On Wednesday, the Senate approved Congressional Gold Medals for 13 US service members killed in the Kabul bombing in August.
The Congressional Gold Medal is an award presented by the United States Congress. It is Congress’s highest representation of national appreciation for outstanding achievements and contributions.
The practice of issuing gold medals to honor recipients started during the American Revolution. Later, the practice stretched to individuals from all walks of life and groups in the late 20th century.
The Senate took a vote after the House approved the medals last month. Now, the bill is on its way to President Joe Biden’s desk for his signature.

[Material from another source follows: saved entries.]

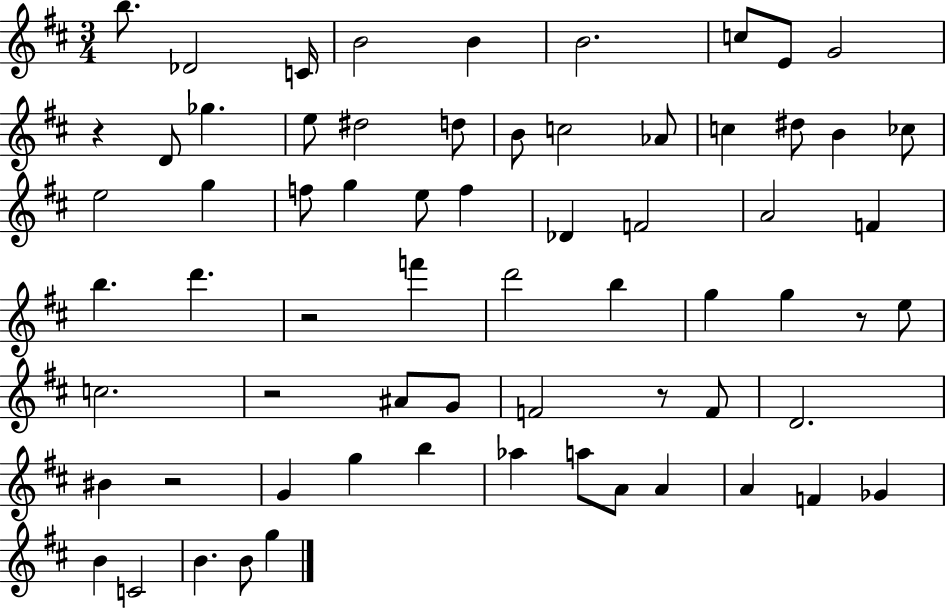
{
  \clef treble
  \numericTimeSignature
  \time 3/4
  \key d \major
  \repeat volta 2 { b''8. des'2 c'16 | b'2 b'4 | b'2. | c''8 e'8 g'2 | \break r4 d'8 ges''4. | e''8 dis''2 d''8 | b'8 c''2 aes'8 | c''4 dis''8 b'4 ces''8 | \break e''2 g''4 | f''8 g''4 e''8 f''4 | des'4 f'2 | a'2 f'4 | \break b''4. d'''4. | r2 f'''4 | d'''2 b''4 | g''4 g''4 r8 e''8 | \break c''2. | r2 ais'8 g'8 | f'2 r8 f'8 | d'2. | \break bis'4 r2 | g'4 g''4 b''4 | aes''4 a''8 a'8 a'4 | a'4 f'4 ges'4 | \break b'4 c'2 | b'4. b'8 g''4 | } \bar "|."
}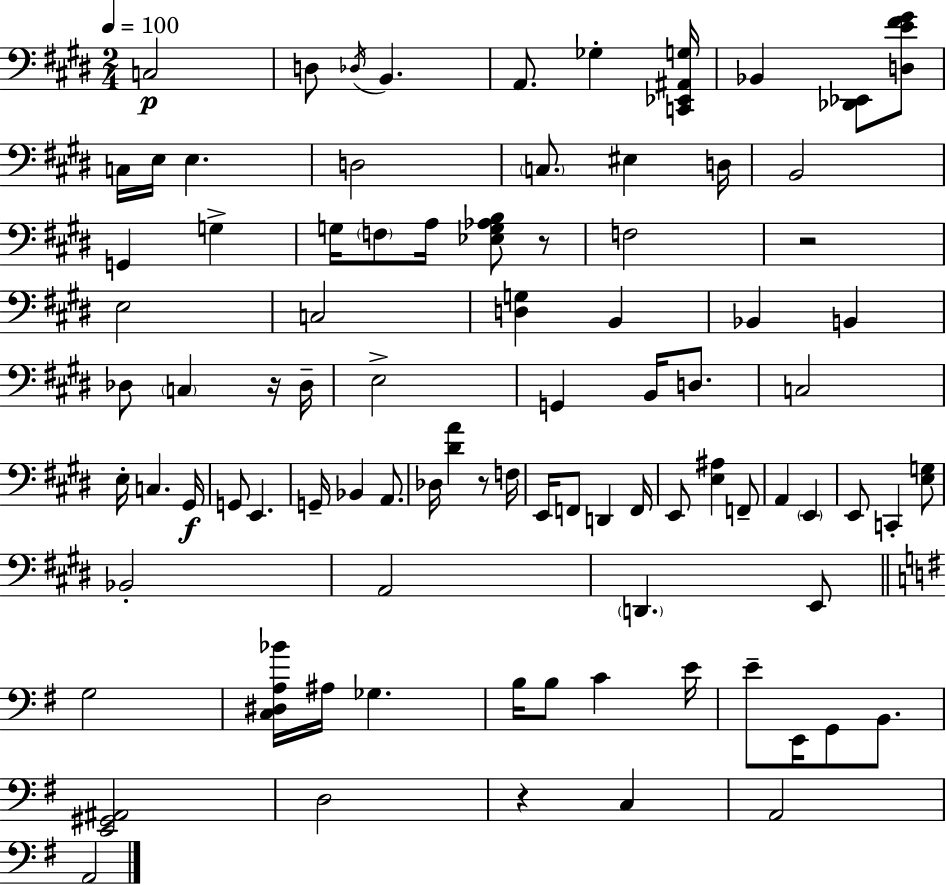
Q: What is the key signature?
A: E major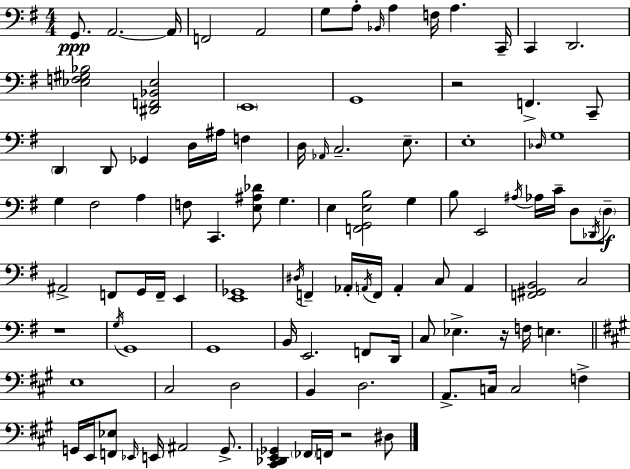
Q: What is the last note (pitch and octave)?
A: D#3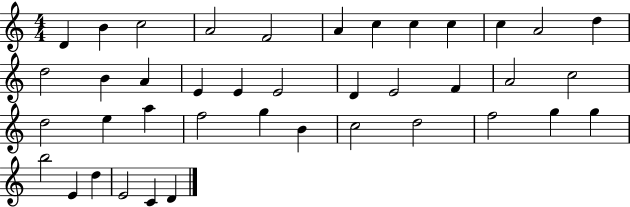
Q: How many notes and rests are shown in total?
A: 40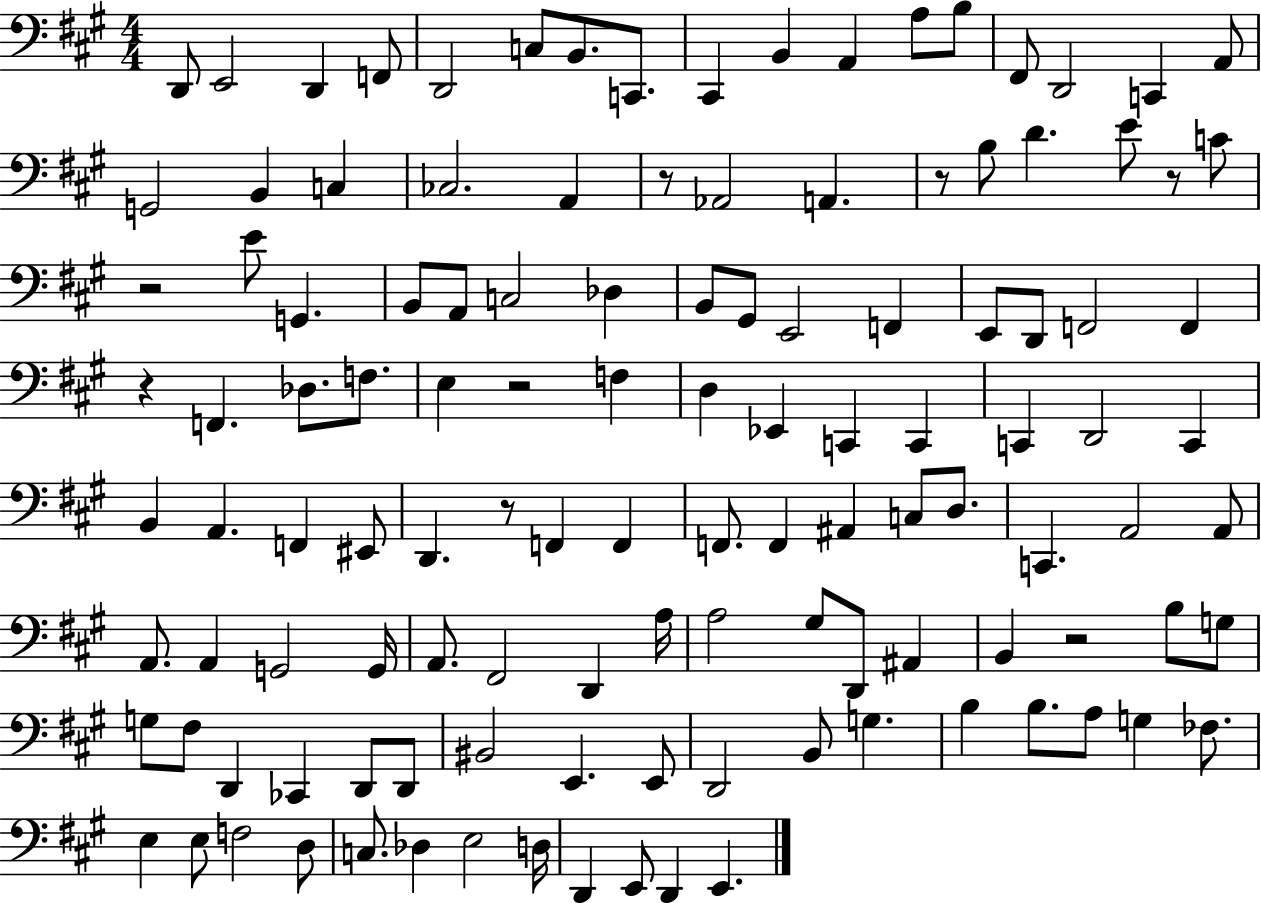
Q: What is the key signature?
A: A major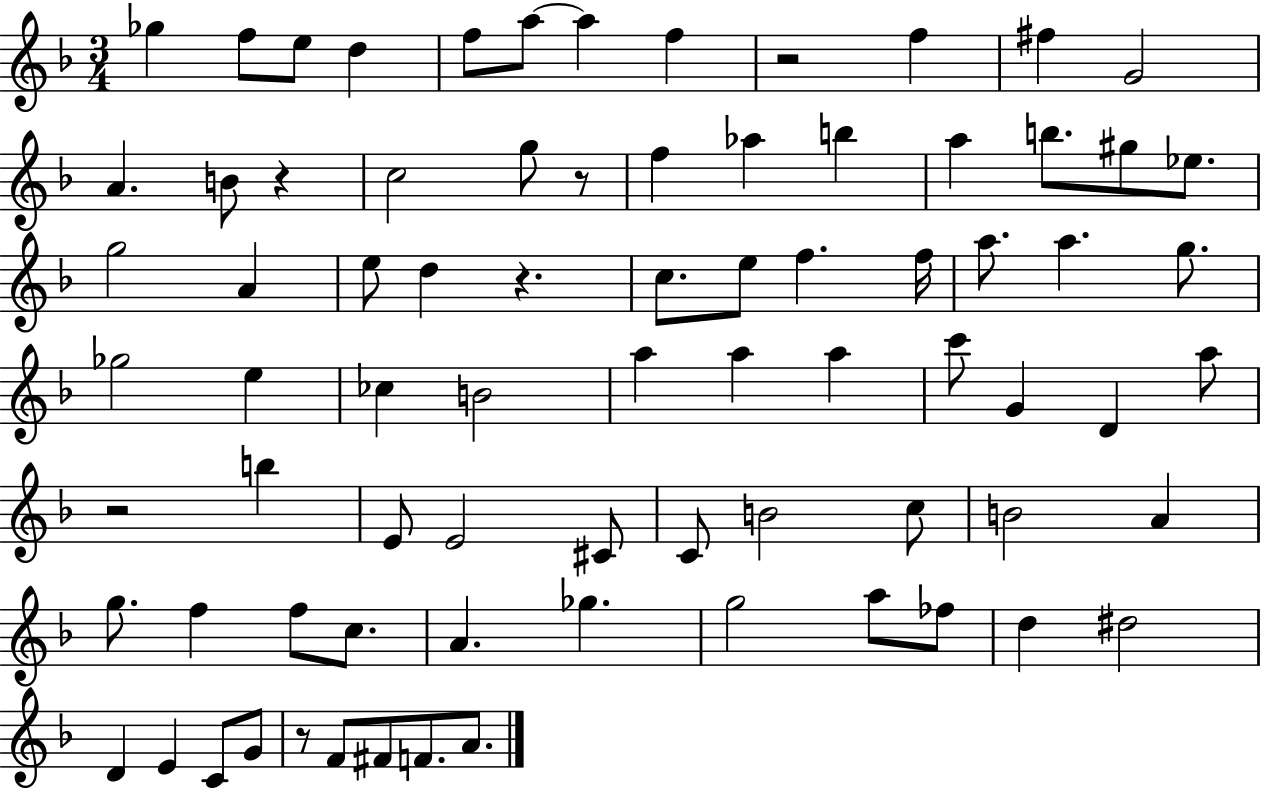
{
  \clef treble
  \numericTimeSignature
  \time 3/4
  \key f \major
  \repeat volta 2 { ges''4 f''8 e''8 d''4 | f''8 a''8~~ a''4 f''4 | r2 f''4 | fis''4 g'2 | \break a'4. b'8 r4 | c''2 g''8 r8 | f''4 aes''4 b''4 | a''4 b''8. gis''8 ees''8. | \break g''2 a'4 | e''8 d''4 r4. | c''8. e''8 f''4. f''16 | a''8. a''4. g''8. | \break ges''2 e''4 | ces''4 b'2 | a''4 a''4 a''4 | c'''8 g'4 d'4 a''8 | \break r2 b''4 | e'8 e'2 cis'8 | c'8 b'2 c''8 | b'2 a'4 | \break g''8. f''4 f''8 c''8. | a'4. ges''4. | g''2 a''8 fes''8 | d''4 dis''2 | \break d'4 e'4 c'8 g'8 | r8 f'8 fis'8 f'8. a'8. | } \bar "|."
}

“Today, the United States Senate moved to recognize the courage, sacrifice, and service of the 13 brave young men and women who were killed in Afghanistan,” Sen. Steve Daines, R-Mont., said in a press release. “During a pivotal point for our nation, they gave the last full measure for our freedoms. I look forward to the president honoring these American heroes and swiftly signing this bill into law.”
On August 26, a suicide bomber detonated a bomb outside the Abbey Gate of Kabul International Airport. A branch of ISIS, known as ISIS-K, claimed responsibility for the bombing.
The attack happened while masses of Afghans desperate to flee Taliban control crowded outside the airport as the US raced to evacuate as many people as possible before the deadline. President Joe Biden ordered the withdrawal from Afghanistan to be done by August 31.
An estimated 170 Afghan civilians died in addition to the 13 service members.
Honoring Those Who Died In The Line Of Duty
Navy Corpsman Maxton Soviak, 22
Army Staff Sgt. Ryan Knauss, 23
Marines Lance Cpl. Kareem Nikoui, 20
Lance Cpl. David Espinoza, 20
Lance Cpl. Rylee McCollum, 20
Lance Cpl. Jared Schmitz, 20
Cpl. Hunter Lopez, 22
Staff Sgt. Taylor Hoover, 31
Cpl. Daegan William-Tyeler Page, 23
Sgt. Nicole Gee, 23
Cpl. Humberto Sanchez, 22
Lance Cpl. Dylan Merola, 20
Sgt. Johanny Rosario Pichardo, 25
“These 13 fallen warriors, along with many others, made the ultimate sacrifice. Each of them knew their duty, and they accepted the risks,” McClain said on the House floor on Monday.
“They knew the mission and valiantly forged ahead, helping hundreds to safety, overcoming their own fears when a suicide bomb attacked them and took their own lives.”